How many data quality dimensions do you have?
How do you arrive at those dimensions?
How do they serve your company’s needs?
As a former data management consultant, I find that data quality strategy falls into both the tradecraft of data governance and the disruption of complex industry dynamics. The former, tradecraft, is a technological process that challenges leaders to prioritize data governance to the equivalency of any other prized commodity. The latter, managing corporate culture, represents the cornerstone of consulting best practices.
It’s the corporate culture that likely spurned the common data quality dimensions. Considering Collibra’s breakdown of the dimensions, terms like Accuracy and Timeliness represent a great way to help “manage up” in the data quality world. These terms are a great way to break down data quality dimensions in a data program. One might consider these terms in the context of the “consulting MECE” framework (Mutually Exclusive Collectively Exhaustive) for any DQ program.

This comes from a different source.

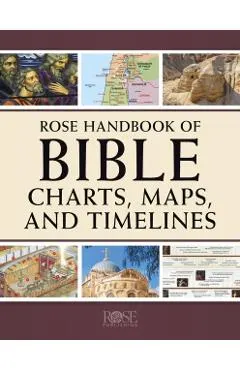 Rose Handbook of Bible Charts, Maps, and Timelines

Though these dimensions help understand the DQ program, do they actually help the business understand their own data? Do they simplify the “core competencies” of DQ – or create debate over taxonomies? Do these dimensions matter to the business domains? Consider the graphic below on how these dimensions might translate to domain examples. Would the business domain owner care about the DQ dimension, the applicable DQ detection feature, the example of its failure, or the impacted domain the most?

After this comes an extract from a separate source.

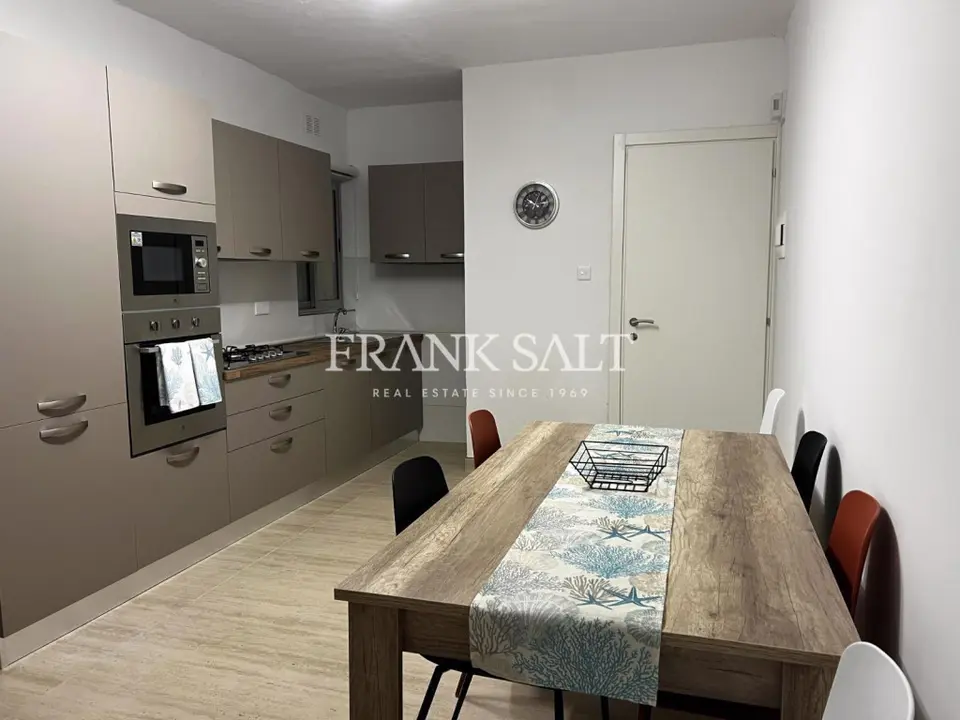 Qawra, Furnished, Apartment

Take data completeness, for example. Completeness is commonly defined as ‘ensuring all the data is present.’ If our CEO made a business decision based on incomplete data and called that data inaccurate, would she be wrong in that labeling? If not, then it’s fair to say that accuracy (another common DQ dimension) and completeness are heavily intertwining concepts – NOT mutually exclusive. Further complicating the taxonomy, new DQ issues often show our list is NOT collectively exhaustive. Constant root cause analysis for DQ issues produces new themes and thus constantly expands the DQ dimension list (today’s trend is 7-8 themes vs the historical 5-6).
Data quality dimensions and business relevance
If one considers the above graphic, perhaps our CEO would prefer to say we were missing last names and that caused a 6-figure erroneous spend in our advertising campaign. Regardless of completeness or accuracy, the CEO cares more about the DQ incident and the impacted business, than what we call it.
I would assert that the DQ dimension framework – while a good first start – may lead to data conflicts as organizations differ on their taxonomies, creating confusion in the already disruptive tradecraft. What purpose do these dimensions serve other than to encapsulate thought within the Data Office? How can we make DQ part of the organization to simplify its concepts and show real impact outside the Data Office?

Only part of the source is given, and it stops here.